I very, very seldom use Windows, but Jerome and Thierry do, so I'm sure he's
used the sample there -- I think he updated it most recently.

I think I see what you are asking -- you need to use both Restlet and RPC in
the same application.  I don't have an example of that right at hand; I use
Restlet so I don't have to use RPC at all ... but I do understand and I know
that it can be set up.

If you are running under Eclipse, it is possible for the web.xml to be
overwritten and Eclipse doesn't know about it without you doing an explicit
Refresh on the file -- but you probably tried this already.  Is your web.xml
exactly as it came from the example, or have you modified it in any way?

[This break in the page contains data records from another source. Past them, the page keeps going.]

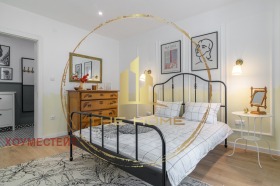 ���� ��� ���� 3-����� | Imot.bg � ����� ������ 7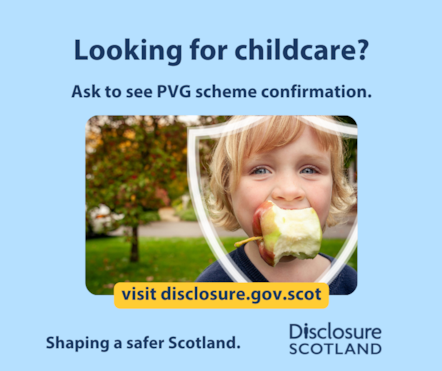 Personal employer campaign - Landscape - 940 x 788 - Variant-2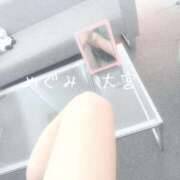 ヒメ日記 2024/12/19 11:55 投稿 めぐみ かりんと大宮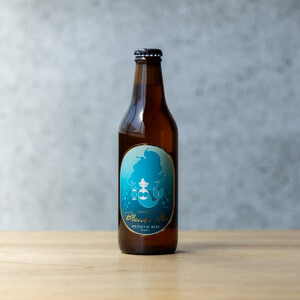 館山ブロンドエール 6本セット_館山ブロンドエール 6本セット クラフトビール 地ビール お酒 酒 美味しい 人気 おすすめ 千葉県 館山市_【配送不可地域：離島】【1578218】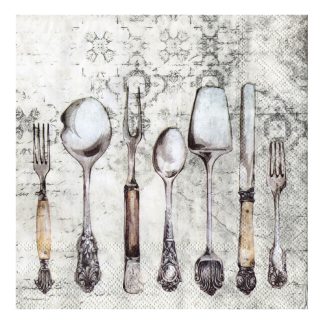 Servilleta Cocina 073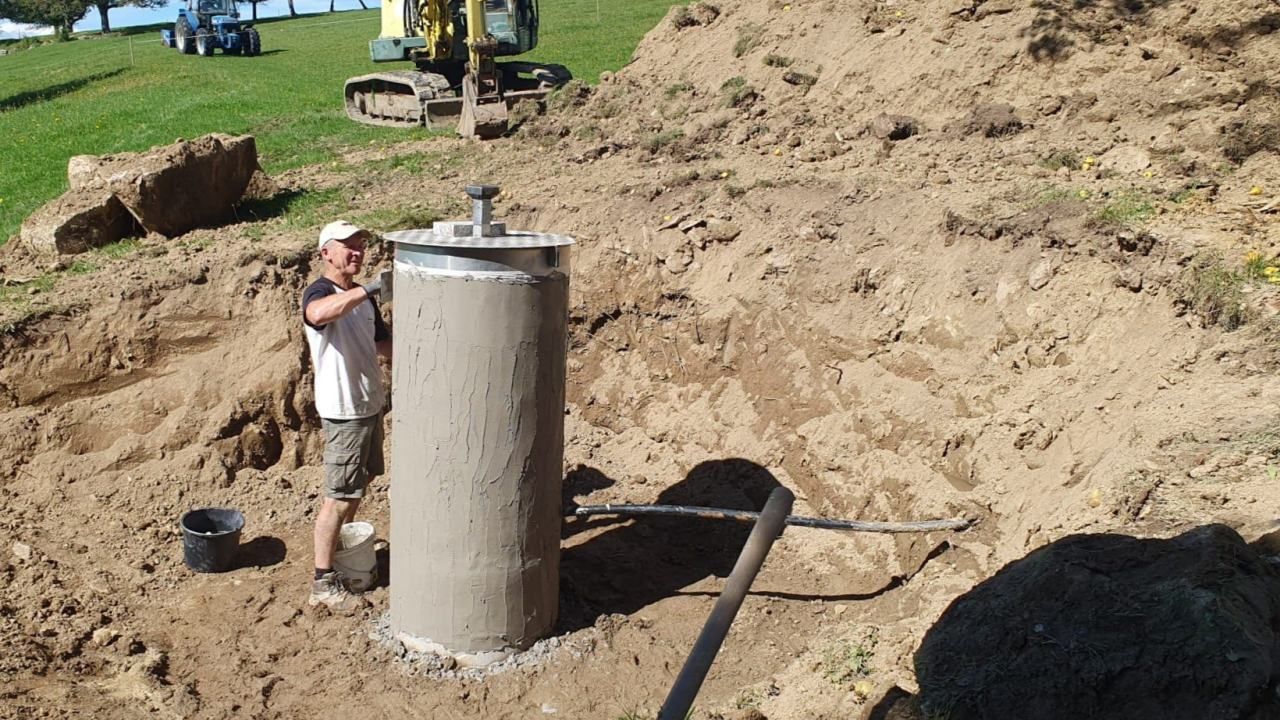 40b.jpg © Alois Voraberger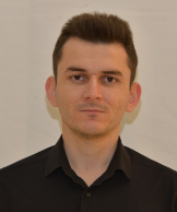 HASAN AKSOY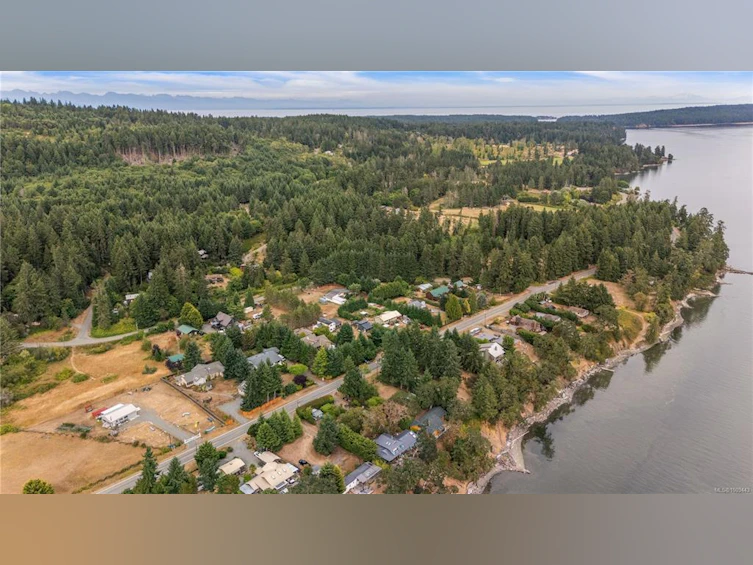 1975 Clamshell Drive, Gabriola Island, BC, V0R 1X6 - 87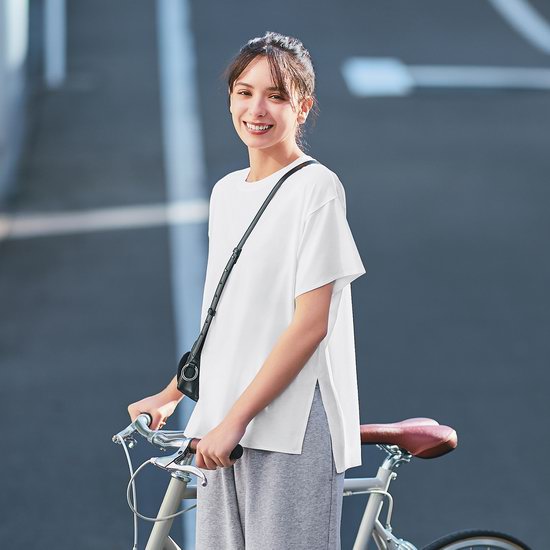 Uniqlo优衣库大促，精选服饰3折起！入T恤$7.9、羊毛衫$12.9、连衣裙$29.9、大衣$59.9！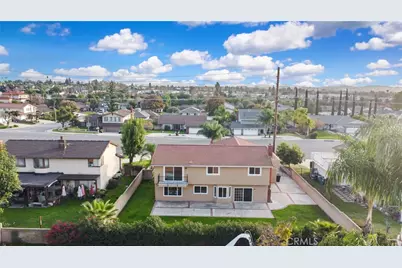 2167 Baseline Road, La Verne, CA 91750 - Photo 53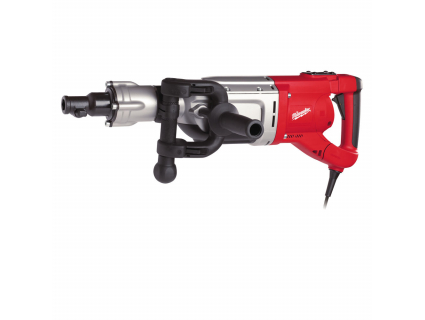 Отбойный молоток K 900 K Milwaukee 4933375650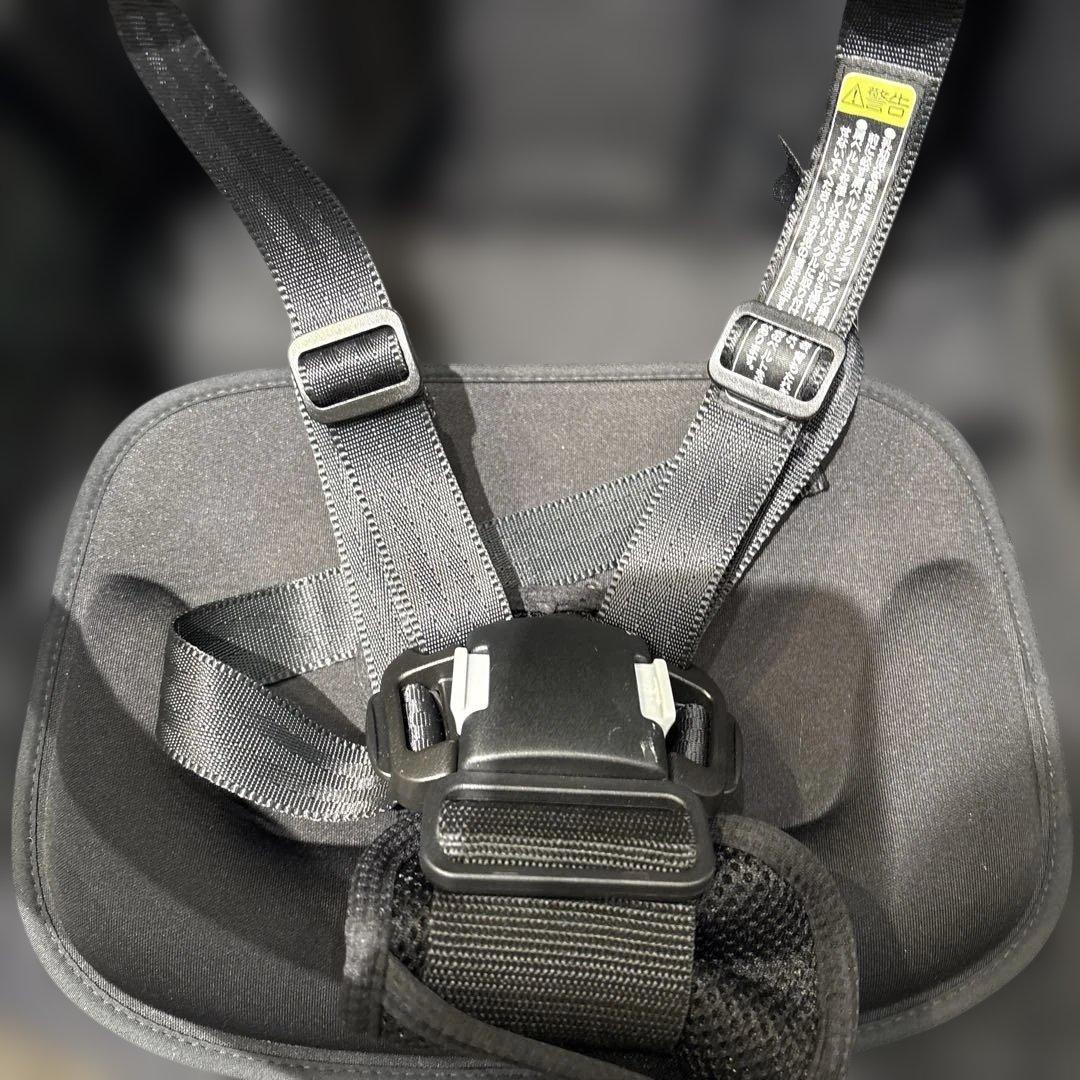 Pigeon ランフィリノンRB4L グレージュ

When we run the gwtshell under eclipse, I saw that it starts a tomcat
> instance.
> It also deploys the restlet resources there in order they to be found by
> the
> gwt engine?
> My question is does the gwt shell behave as a web container and deploy the
> resources (in the server folder) within it as we had created a web project
> and put the restlet based application
> classes within it?


Yes, that is how the hosted mode works.

If I start the restlet TestServer component as a standaolne application and
> then run the shell again it complains of an already used address and so the
> server side should work well even if I can not see the TestServer's
> sytem.out statements in the console.


If the standalone uses the same port as hosted mode, you can't run them both
at once.  I think hosted mode defaults to 8888.

I read several books on gwt (gwt in practice and Pro web 2.0 .... with gwt
> ... and so on) and I have seen different solutions but noone clearly refers
> to this particular integration with rest.


It is very new -- not likely to be in the books yet!

>
> Can You please help me?
>

Trying  :-)  Thierry here may also have some ideas.